Io credo che in Calvino c’era una maggiore attenzione nei confronti del reale. Ci sono in Calvino delle radici neorealiste che Bonaviri abbandonò rapidamente e completamente. Il dato del fantastico in Calvino lo portava ad intraprendere un viaggio che si concludeva nello spazio. Pensa al Barone rampante o a Le cosmicomiche; l’altrove di Bonaviri è momentaneo, lui ritrova sempre la strada per tornare sulla terra.

Bonaviri è tra gli scrittori italiani più tradotti all’estero e per molti anni consecutivi fu nella rosa dei candidati al Nobel. Eppure a parte lei e altri studiosi risulta che fu poco considerato dalla critica italiana almeno. Oggi qualcosa, dopo la sua morte, a mio avviso, si muove anche se c’è ancora tanto da fare. Bonaviri resta sconosciuto al grande pubblico che pure conosce altri siciliani come Sciascia, Maraini, Tomasi Lampedusa. Quali sono stati dal suo punto di vista i motivi per cui in Italia la critica e il pubblico si interessarono a lui di rado?

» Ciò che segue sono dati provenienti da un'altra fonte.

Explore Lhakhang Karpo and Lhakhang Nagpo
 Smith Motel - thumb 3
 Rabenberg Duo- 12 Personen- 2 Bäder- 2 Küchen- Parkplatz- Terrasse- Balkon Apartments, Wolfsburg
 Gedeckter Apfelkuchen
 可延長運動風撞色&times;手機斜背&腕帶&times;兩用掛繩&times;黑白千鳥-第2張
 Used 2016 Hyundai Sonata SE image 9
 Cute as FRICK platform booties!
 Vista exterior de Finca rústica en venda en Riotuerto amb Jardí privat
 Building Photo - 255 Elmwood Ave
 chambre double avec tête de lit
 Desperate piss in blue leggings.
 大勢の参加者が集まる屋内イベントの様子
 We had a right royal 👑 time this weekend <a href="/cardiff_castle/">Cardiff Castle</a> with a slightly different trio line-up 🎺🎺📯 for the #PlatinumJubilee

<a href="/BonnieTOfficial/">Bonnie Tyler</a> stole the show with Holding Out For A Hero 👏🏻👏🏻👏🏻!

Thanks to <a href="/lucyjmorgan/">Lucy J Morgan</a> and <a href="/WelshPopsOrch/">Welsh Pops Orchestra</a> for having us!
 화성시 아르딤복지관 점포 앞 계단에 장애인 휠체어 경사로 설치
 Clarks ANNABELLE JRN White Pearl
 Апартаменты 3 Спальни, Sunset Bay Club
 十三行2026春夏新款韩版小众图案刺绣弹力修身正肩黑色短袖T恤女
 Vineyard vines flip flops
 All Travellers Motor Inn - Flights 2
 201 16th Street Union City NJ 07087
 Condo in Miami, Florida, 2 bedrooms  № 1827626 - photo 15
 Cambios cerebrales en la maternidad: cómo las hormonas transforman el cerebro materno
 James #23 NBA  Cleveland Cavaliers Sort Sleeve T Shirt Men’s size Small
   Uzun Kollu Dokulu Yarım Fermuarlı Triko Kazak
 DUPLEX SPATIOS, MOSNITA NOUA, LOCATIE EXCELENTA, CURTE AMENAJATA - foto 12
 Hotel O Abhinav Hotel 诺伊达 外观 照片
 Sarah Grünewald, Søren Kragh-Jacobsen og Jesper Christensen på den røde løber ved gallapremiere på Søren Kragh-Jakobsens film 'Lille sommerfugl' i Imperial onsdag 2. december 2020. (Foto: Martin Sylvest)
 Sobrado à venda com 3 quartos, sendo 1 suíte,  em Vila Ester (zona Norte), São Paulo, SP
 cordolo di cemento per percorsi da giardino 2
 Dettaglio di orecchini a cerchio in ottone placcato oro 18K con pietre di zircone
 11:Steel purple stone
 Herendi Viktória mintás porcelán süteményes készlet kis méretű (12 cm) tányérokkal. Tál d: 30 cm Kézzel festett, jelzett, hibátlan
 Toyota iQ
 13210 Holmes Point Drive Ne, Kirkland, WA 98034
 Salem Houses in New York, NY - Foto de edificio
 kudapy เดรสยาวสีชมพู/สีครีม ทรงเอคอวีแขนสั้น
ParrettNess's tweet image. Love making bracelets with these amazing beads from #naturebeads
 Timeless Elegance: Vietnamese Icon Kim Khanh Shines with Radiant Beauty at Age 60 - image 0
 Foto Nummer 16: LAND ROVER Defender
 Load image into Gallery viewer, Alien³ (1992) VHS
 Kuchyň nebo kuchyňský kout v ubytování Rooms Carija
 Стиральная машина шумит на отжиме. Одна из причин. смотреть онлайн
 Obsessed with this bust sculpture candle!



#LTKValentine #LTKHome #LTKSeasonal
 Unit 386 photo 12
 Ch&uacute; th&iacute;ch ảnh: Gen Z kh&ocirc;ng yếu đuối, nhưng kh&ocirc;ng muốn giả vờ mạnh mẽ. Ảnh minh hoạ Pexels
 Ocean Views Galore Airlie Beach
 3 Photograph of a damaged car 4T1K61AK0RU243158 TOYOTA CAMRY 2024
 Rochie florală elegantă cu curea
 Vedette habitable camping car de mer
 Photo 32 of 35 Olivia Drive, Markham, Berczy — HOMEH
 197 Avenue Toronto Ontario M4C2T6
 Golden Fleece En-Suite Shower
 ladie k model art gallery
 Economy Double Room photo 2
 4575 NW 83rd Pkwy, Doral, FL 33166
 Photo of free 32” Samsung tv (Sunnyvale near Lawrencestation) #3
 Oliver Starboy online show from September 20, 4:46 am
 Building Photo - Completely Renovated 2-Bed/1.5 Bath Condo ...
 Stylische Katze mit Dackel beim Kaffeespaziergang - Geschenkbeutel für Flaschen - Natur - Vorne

Secondo me molto è dipeso anche dalle scelte editoriali, cioè finire nelle fagocitazioni di Einaudi dove c’era Calvino non è stato positivo. Non parlo del Calvino che sceglie i libri perché quello amava molto Bonaviri ma Einaudi non ha dato molto a questo scrittore. Tantissimi libri sono stati pubblicati con Manni e Sellerio. Se un autore di tale calibro va a pubblicare con questi editori vuol dire che Einaudi, Bompiani, Mondadori l’hanno rifiutato, sbagliando. La fedeltà tra autore e editore è una cosa molto importante. E poi spesso chi dalla realtà svolazza nella fantasia non è molto seguito nel nostro paese.

Una domanda che in parte si ricollega alla precedente. Forse Bonaviri potrebbe essere capito di più oggi rispetto a ieri per le sue polemiche contro la società tecnologizzata, contro la scienza senza etica, contro il consumismo sfrenato? Ovvero mi sembra che in molti casi Bonaviri sia stato quasi un veggente, o comunque molto lungimirante parlando di tali tematiche, che forse fino a una ventina di anni fa non avevano acquistato la drammaticità che hanno oggi.

Sicuramente è stato un profeta per tutto ciò che è accaduto dopo. La disattenzione nei suoi confronti è la colpa di una società distratta che segue i premi letterari e la risonanza audio visiva. E con la letteratura di oggi che è pura cronaca per Bonaviri è ancora purtroppo difficile trovare spazio.